Monday, August 04, 2014

A slip of the tounge

Hi, here's a photo by American photographer Richard Avedon that was taken in New York on December 30, 1963. 

The photo is of poets and long time partners Allen Ginsberg and Peter Orlovsky. 

They're licking each other's tongues.
The photo is included in a great Richard Avedon exhibition that opened two days ago at the Art Gallery of Western Australia. 

I was standing in front of it yesterday and a little boy came up next to me, he took one look and said "gross!" then ran off to find his mum. 

So I figured I should draw it.
(I don't know how obvious it is but I tried to make my drawing in the shape of a love heart.)
I'd also just been reading about Michelangelo's painting The Creation of Adam, and in the book it at had this really cool passage describing the energy in that little space between Adam and God's fingers that are just about to touch.
So I had a go at trying to get a similar kind of energy in the space between Ginsberg and Orlovsky's tongues.
Drawing of a photograph by Richard Avedon. Acrylic on 225gsm paper. 21 x 29.5cm. 2014.

While at the Art Gallery of Western Australia I also drew this security guard
who was standing next to a bronze sculpture by William Kentridge.Here's maybe a better angle of the Kentridge sculpture.
(Also, amazingly, as I mentioned in the last post, remember that you can see my new painting and new sculpture exhibited alongside work by William Kentridge in the PICA Salon at the Perth Institute for Contemporary Art, on until August 31.)Anyway after that I did one more little drawing, this time of a crayon work by Australian artist Charles Blackman. The work was done in 1967 and is titled "Grooming the dog".
Because Blackman's piece was done in crayon I decided to take my drawing of it next door to the children's room of the exhibition. 
And using a magnet I installed my piece
,just below a drawing by Starr Henderson, who at 5 years old is 21 years my junior.

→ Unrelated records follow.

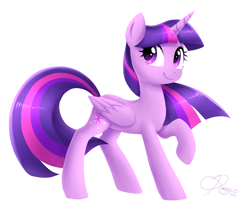 Size: 1900x1600 | Tagged: safe, artist:siggie740, twilight sparkle, twilight sparkle (alicorn), alicorn, pony, cute, female, mare, simple background, solo, twiabetes, white background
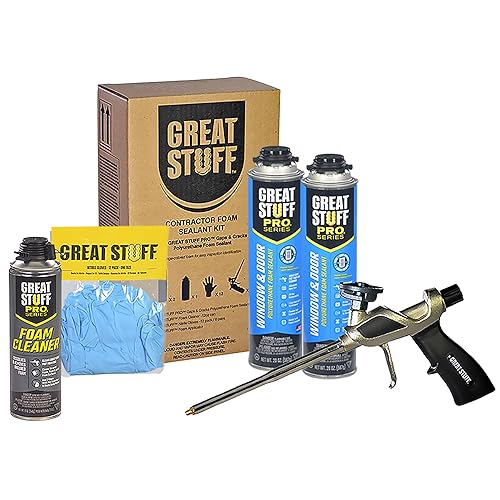 Great Stuff - Kit de sellador de espuma Great Stuff Pro para ventanas y puertas de 20 onzas pistola de espuma Great Stuff para hacer grandes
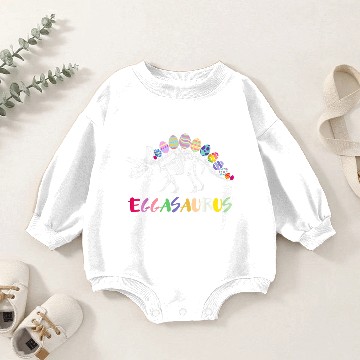 Discover eggasaurus stegosaurus egg dinosaur happy easter Baby Romper Sweatshirts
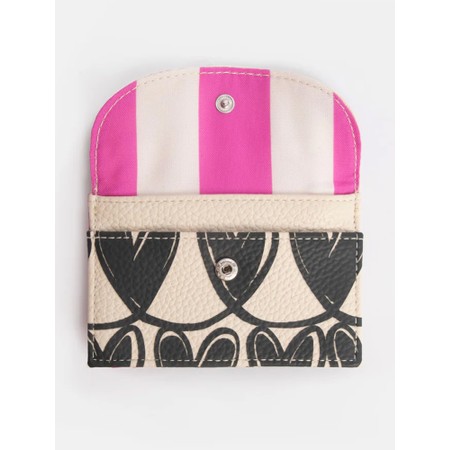 Caroline Gardner Mono Looped Hearts Card Holder Coin Purse - Black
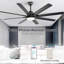 Ventilateur de plafond à DEL 8 pales avec télécommande et ensemble d'éclairage inclus Brixham-34908088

And Starr by my name, Starr by nature, it's clear Starr Henderson is the next big thing, just look how perfectly she's captured the Giraffe Duck.
So there you go, not only is my work at PICA exhibited alongside William Kentridge, it's also at AGWA exhibited alongside Starr Henderson. 

And I don't mind one bit if I'll never be a big Starr like Henderson, that's all water off a giraffe ducks back, because at the end of the day I'm just happy to know I've had something I've done hung on the wall of the Art Gallery of Western Australia, and best of all I didn't even have to lick anyones tongue for it to get there.